Aart drove me to a second farm house, the next house south of the first house I had visited. The first was about 500 feet north of where the Plaastsweg, now called 2nd Kruisweg (crossway), dead-ends into the Zinkweg. The second house was on the south side of the Plaatsweg. Aart's sister thought her father's cousin had lived there until 1960. My journal, written later that evening, says there, "sure enough, was the 1903 Nelia Fonkert stone I had been looking for." There is a problem, however: from the photo I took, the inscription appears to read:
DE EERSTE STEEN GELEGD
door
NELIA JANNETJE FONKERT
OUD 24 JAAR
DEN 12 JULI 1800
Something is wrong. The name is slightly different (Jansje instead of Jannetje) from the translation above, but more importantly, it is in error by 103 years. (My journal entry says "1903," but I probably copied the name and date from the family history later that evening at the hotel.) The "8" in 1800 might possibly be a "9," but the lower loop seems to be closed in the style of an "8." Is it possible the stone should read "1900?"
Aart Fonkert had said that Nelia was his grandfather's sister. Indeed, civil registrations document that Nelia Jannetje Fonkert was born at Oud Beijerland 31 December 1875, the daughter of Dirk Fonkert and Jannetje Saarloos; she would have been 24 in 1900. The family history says the farm house was rebuilt in 1903 after a house fire, but "1903" might be the author's typo. Possibly, Netherlands property records might clarify the date.

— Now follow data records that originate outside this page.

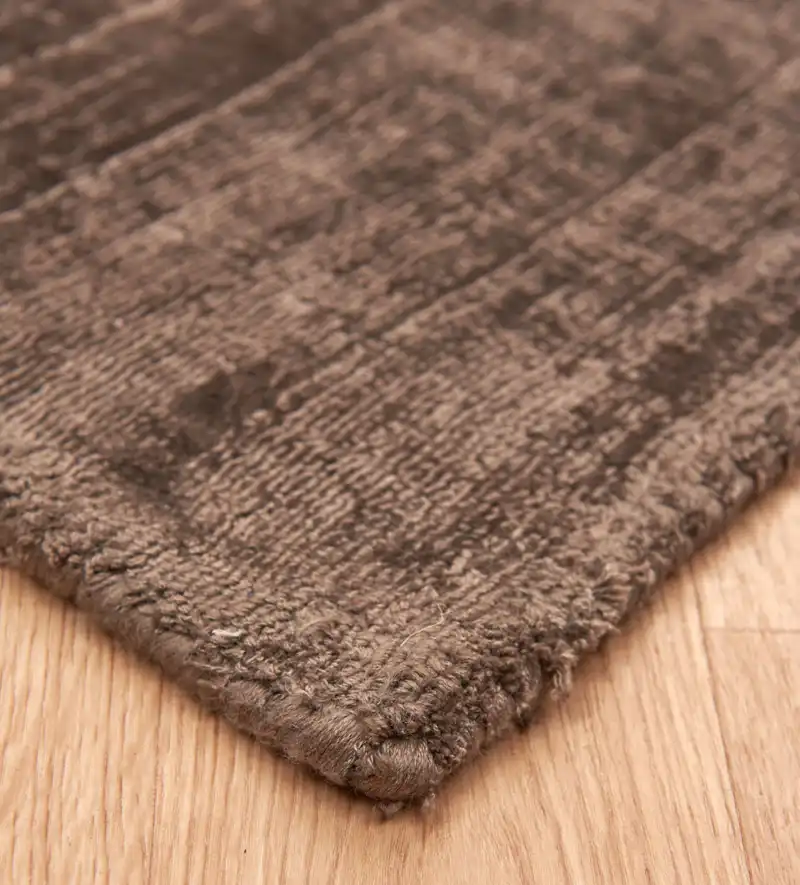 Blade Border Chocolate Mocha Rug - Image 3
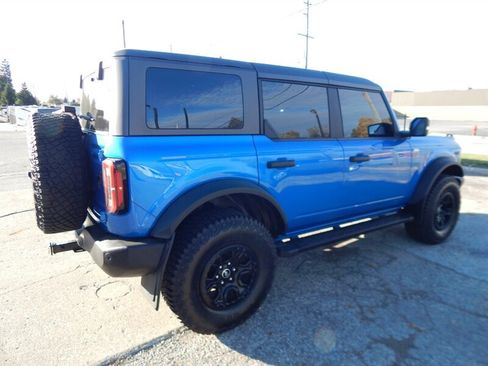 Used 2023 Ford Bronco Wildtrak image 7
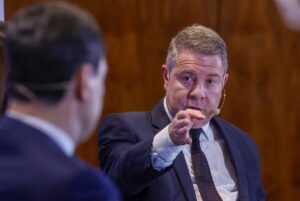 El presidente de Castilla-La Mancha, Emiliano García-Page (d) y el presidente de la Junta de Andalucía, Juanma Moreno (i), participan en el desayuno 'La Industria de la Felicidad', este viernes en Madrid. EFE/Juan Carlos Hidalgo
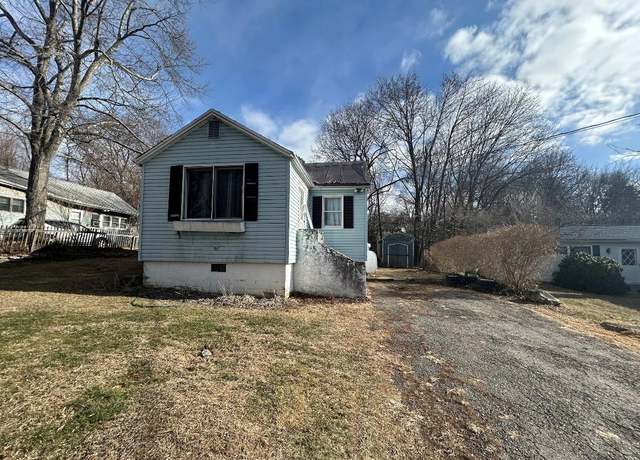 Property at 18 Geneva Dr, Carmel, NY 10512, 2 beds, 1 bath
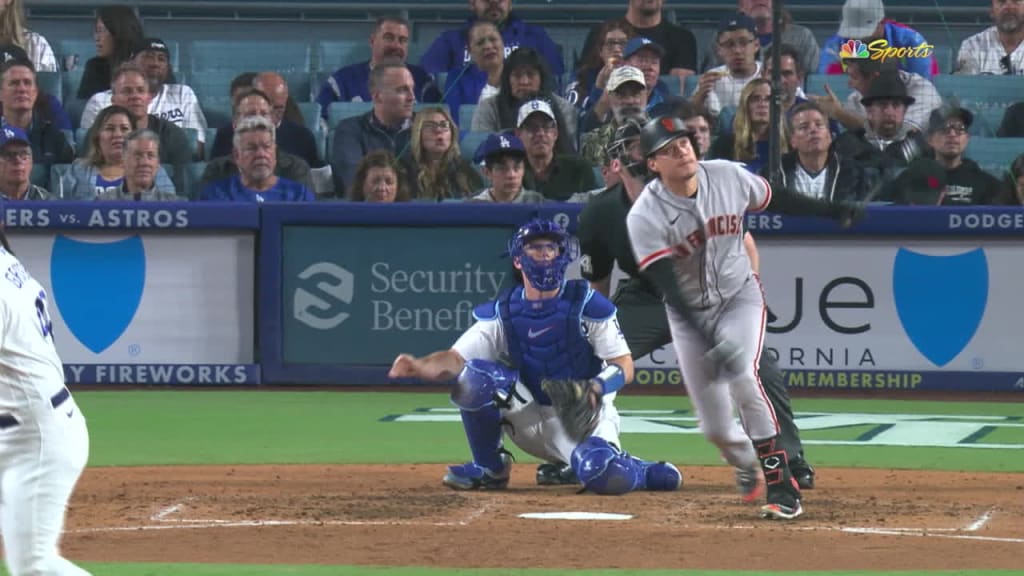 Video: Giants beat Dodgers on crazy close play at first base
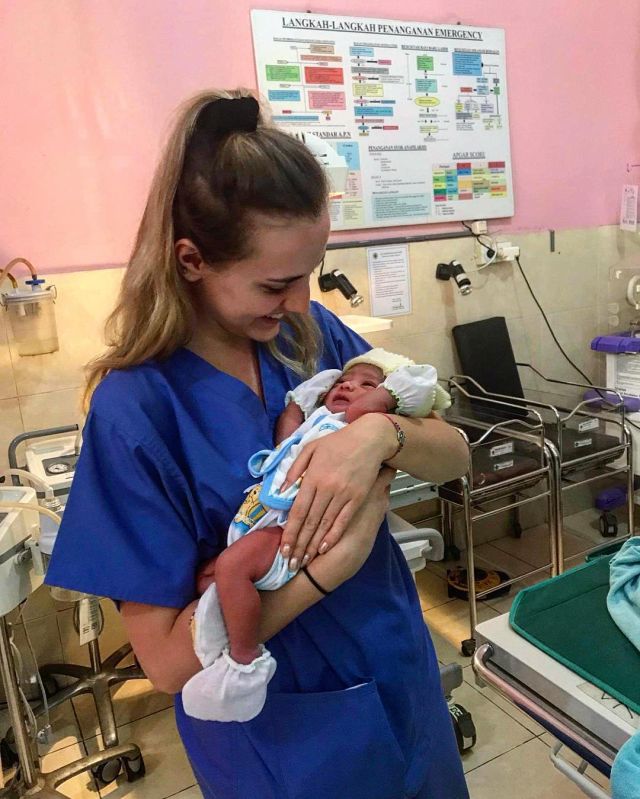 🏥Some adorable photos from our medical volunteers this week! .
Look at this beautiful tiny tot that the girls got to have some first cuddles with 👶🏼 while on the delivery unit!
.
And the sweetest women at the elderly home where our volunteers assisted in some day to day tasks and helped with herbal massage 💙
.
#pmgybali #pmgymedical #medicalvolunteer #nurseplacement #bali #volunteerbali #volunteerabroad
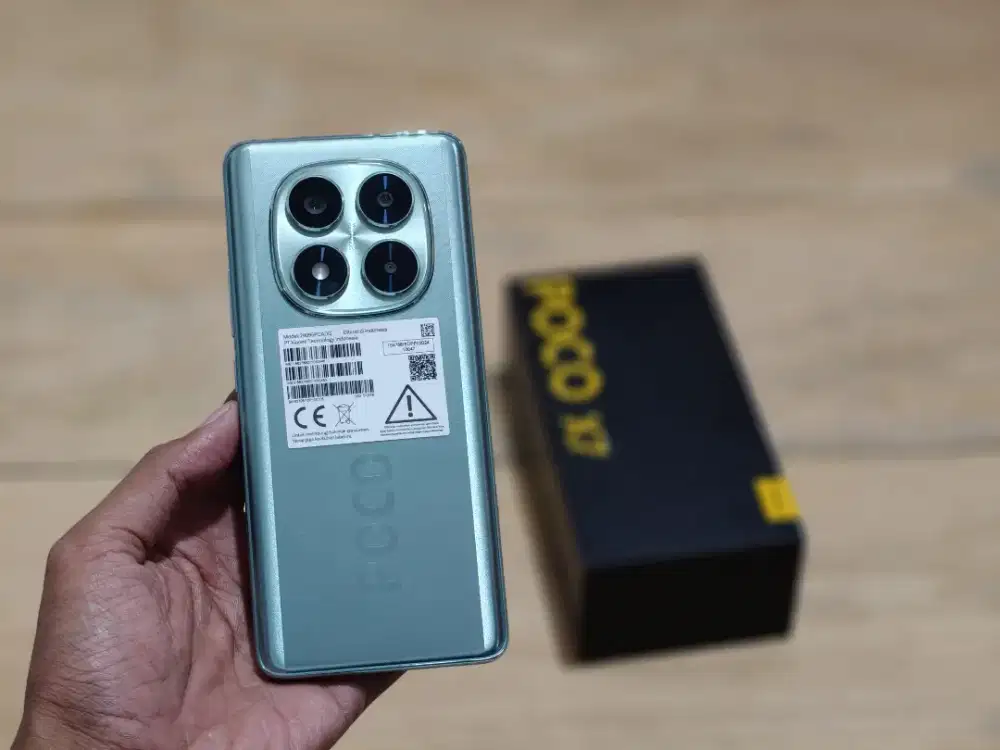 poco x7 5g 12/512 bisa tt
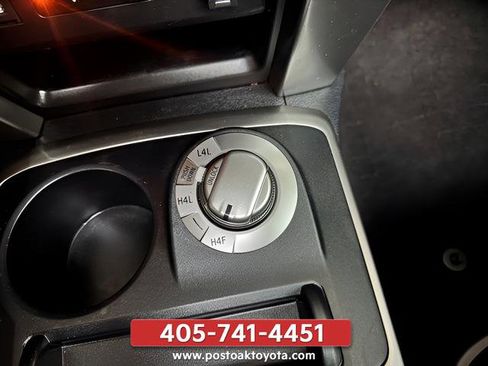 Used 2024 Toyota 4Runner Limited AWD/4WD image 22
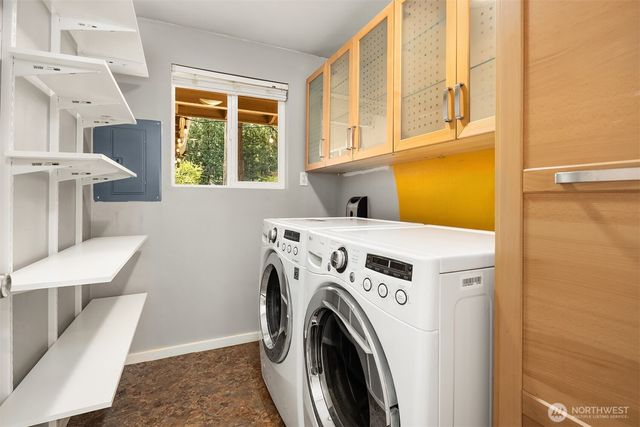 2310 216th Avenue SE, Sammamish, WA 98075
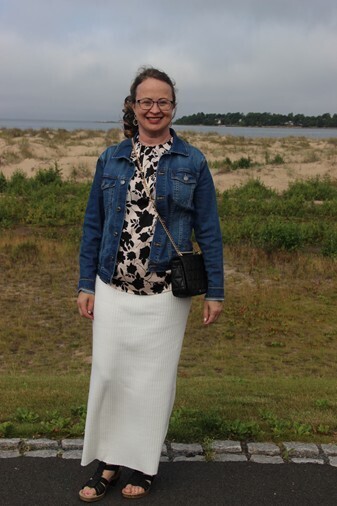 Lähikuva opettajasta taustalla merimaisema.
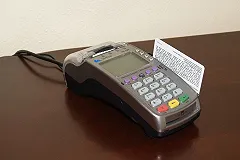 В Свердловской области женщина 3 месяца расплачивалась украденной картой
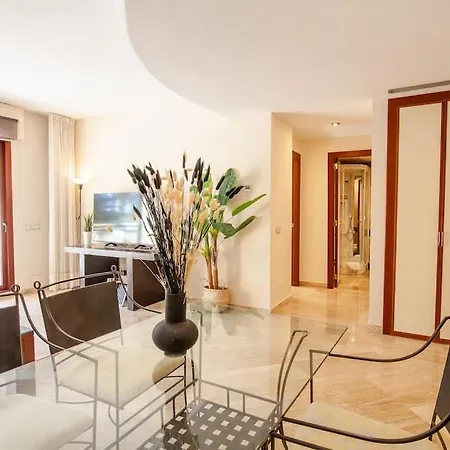 Frontline 2 Bed Apartment, San Pedro De Alcantara * Marbella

The day already had delivered more "happy dance" moments that a family history researcher could ever expect, but more surprises were in store. The Zinkweg is a dijk-road -- that is, it runs on top of the dike forming the west boundary of the Oud Beijerland polder. In front of the second house, a small arched stone and brick bridge connects the farm house to the the Zinkweg. It, too, has a stone tablet. It reads: "DEN EERSTEN STEEN GELEGD DOOR DIRK FONKERT DZ OP DEN 26 JUNI 1856." This was likely Nelia Jannetje's father, Dirk, son of Dirk Fonkert and Neeltje Schelling.
The biggest surprise was back at the hotel. I had been gone longer than I should have been. When I belatedly returned, I found wife and daughters sitting in the dining room with the woman from Marienhof (see "Dirck Fonckert," 10 December 2015). An unfamiliar man was with her. He, too, had a notebook. He was Henry den Hartigh, the local historian who had researched the farm history. He told us that 17th-century house (now used as a garage) we had visited at Marienhof was the oldest surviving building in Westmaas. He had photos of the hearth, ceiling timbers, windows and other architectural features of the 1610 house.

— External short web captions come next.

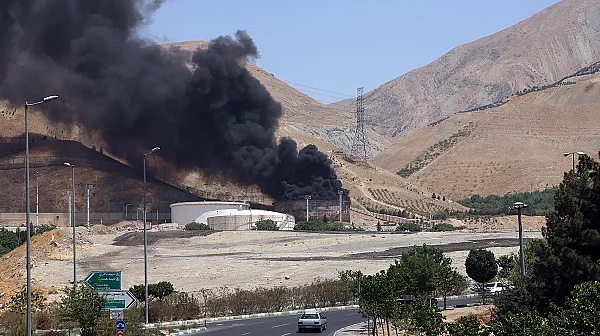 Тръмп отлага срещата със Си Дзинпин в Китай, атака срещу посолството на САЩ в Багдад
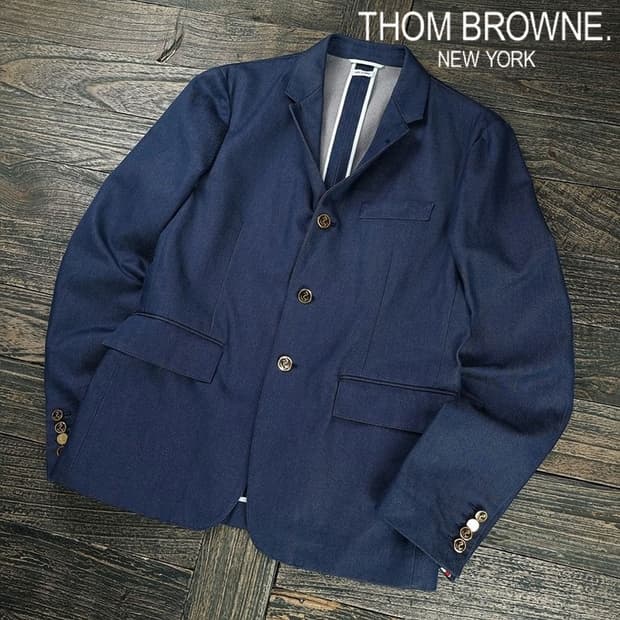 [톰브라운] 슬림핏 데님 블레이저 자켓 P01621
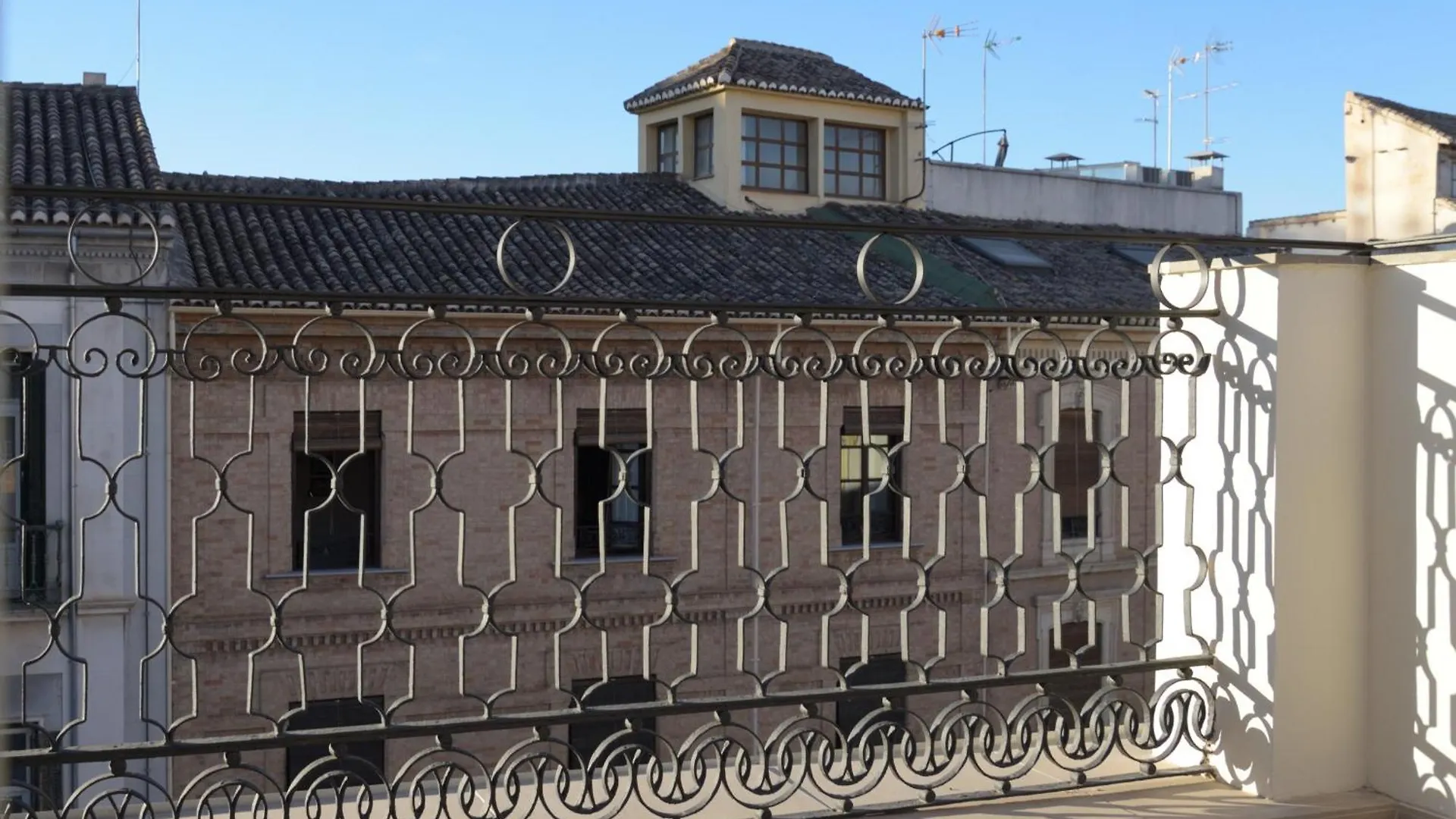 Patio De Sombra - Urban Suites Granada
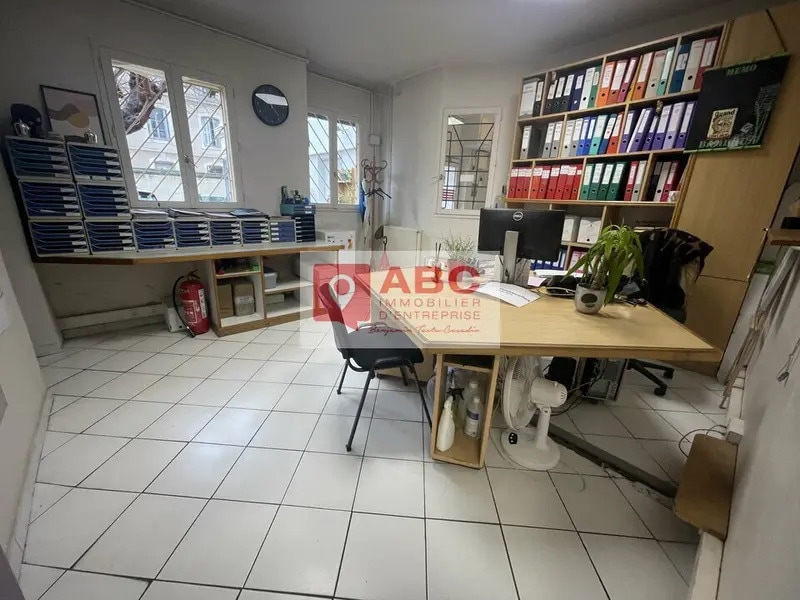 Office in Montpellier for lease Interior Photo- Image 1 of 8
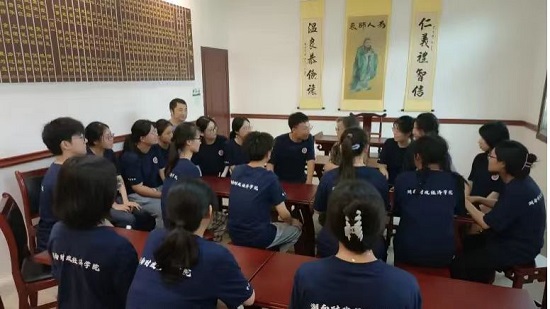 微党课筹备照片.jpg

But, what about those houses back on the Zinkweg? The two sons -- Dirk and Klaas -- who bought the two farm houses were brother of my great-great-grandfather, Pieter Fonkert. Pieter got cash, but apparently no land from the 1860s auction. My Christmas Eve post will summarize 300 years of Fonkert history in the Hoekse Waard, including two sets of cousin marriages and the gift of a valuable silver baptismal bowl to the Klaaswaal church.
What a great story. How wonderful that you were able to visit several sites still in existence in the ancestral village.